Such instructions may be implemented to perform a task, implement a
data type, transform the state of one or more components, achieve a
technical effect, or otherwise arrive at a desired result.
[0058] The logic processor 702 may include one or more physical
processors (hardware) configured to execute software instructions.
Additionally or alternatively, the logic processor 702 may include
one or more hardware logic circuits or firmware devices configured
to execute hardware-implemented logic or firmware instructions.
Processors of the logic processor 702 may be single-core or
multi-core, and the instructions executed thereon may be configured
for sequential, parallel, and/or distributed processing. Individual
components of the logic processor 702 optionally may be distributed
among two or more separate devices, which may be remotely located
and/or configured for coordinated processing. Aspects of the logic
processor 702 may be virtualized and executed by remotely
accessible, networked computing devices configured in a
cloud-computing configuration.

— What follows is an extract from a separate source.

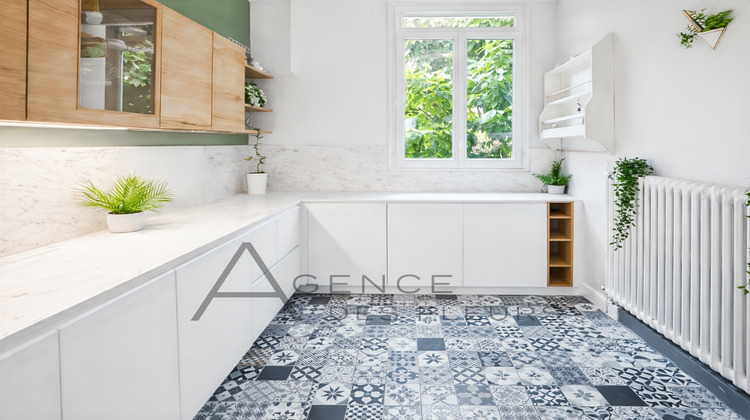 Ma-Cabane - Vente Maison ELBEUF, 154 m²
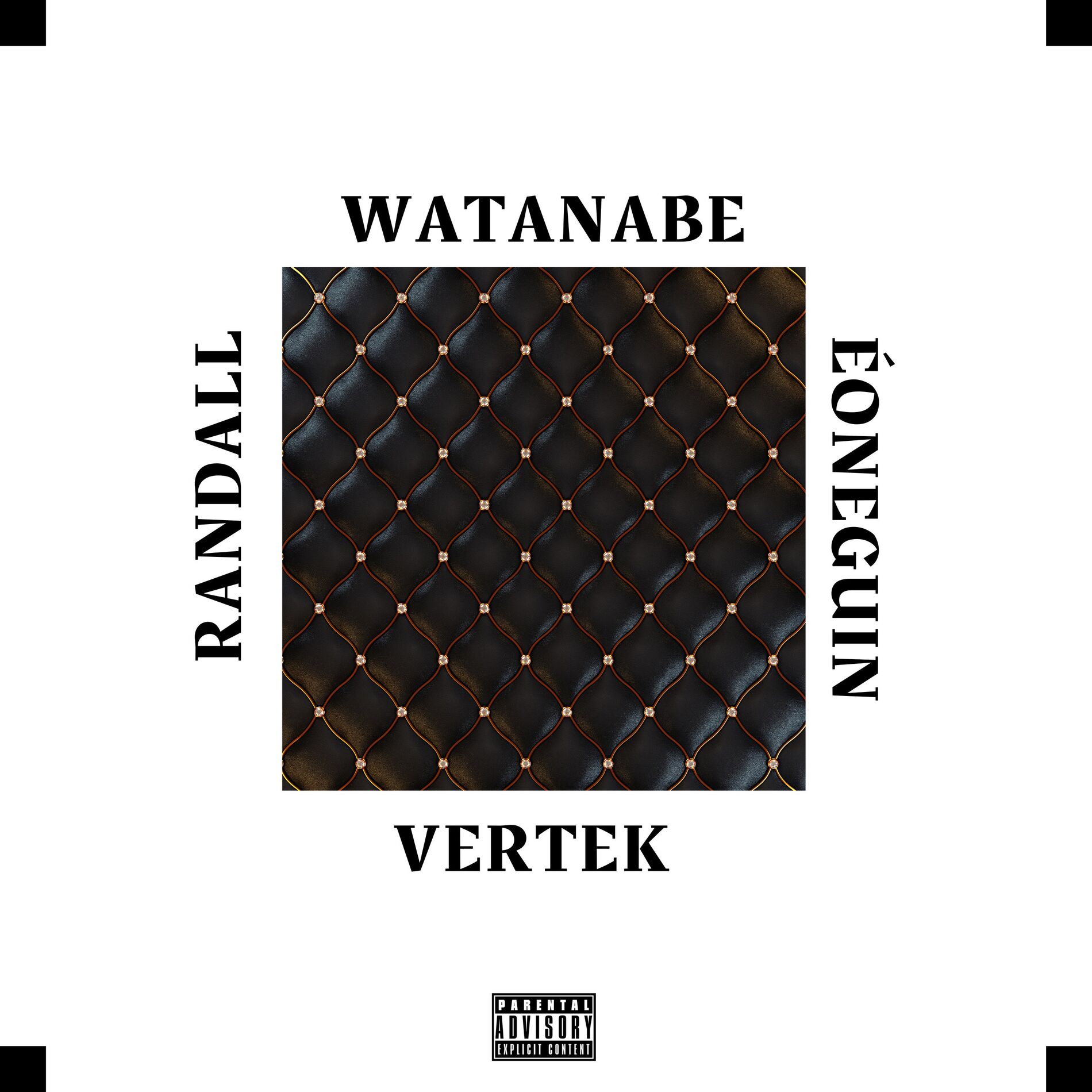 Album cover of Vertek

In such a case, these virtualized
aspects are run on different physical logic processors of various
different machines, it will be understood.
[0059] Non-volatile storage device 704 includes one or more
physical devices configured to hold instructions executable by the
logic processor 702 to implement the methods and processes
described herein. When such methods and processes are implemented,
the state of non-volatile storage device 704 may be
transformed--e.g., to hold different data.
[0060] Non-volatile storage device 704 may include physical devices
that are removable and/or built-in. Non-volatile storage device 704
may include optical memory (e.g., CD, DVD, HD-DVD, Blu-Ray Disc,
etc.), semiconductor memory (e.g., ROM, EPROM, EEPROM, FLASH
memory, etc.), and/or magnetic memory (e.g., hard-disk drive,
floppy-disk drive, tape drive, MRAM, etc.), or other mass storage
device technology. Non-volatile storage device 704 may include
nonvolatile, dynamic, static, read/write, read-only,
sequential-access, location-addressable, file-addressable, and/or
content-addressable devices. It will be appreciated that
non-volatile storage device 704 is configured to hold instructions
even when power is cut to the non-volatile storage device 704.
[0061] Volatile memory 703 may include physical devices that
include random access memory. Volatile memory 703 is typically
utilized by logic processor 702 to temporarily store information
during processing of software instructions. It will be appreciated
that volatile memory 703 typically does not continue to store
instructions when power is cut to the volatile memory 703.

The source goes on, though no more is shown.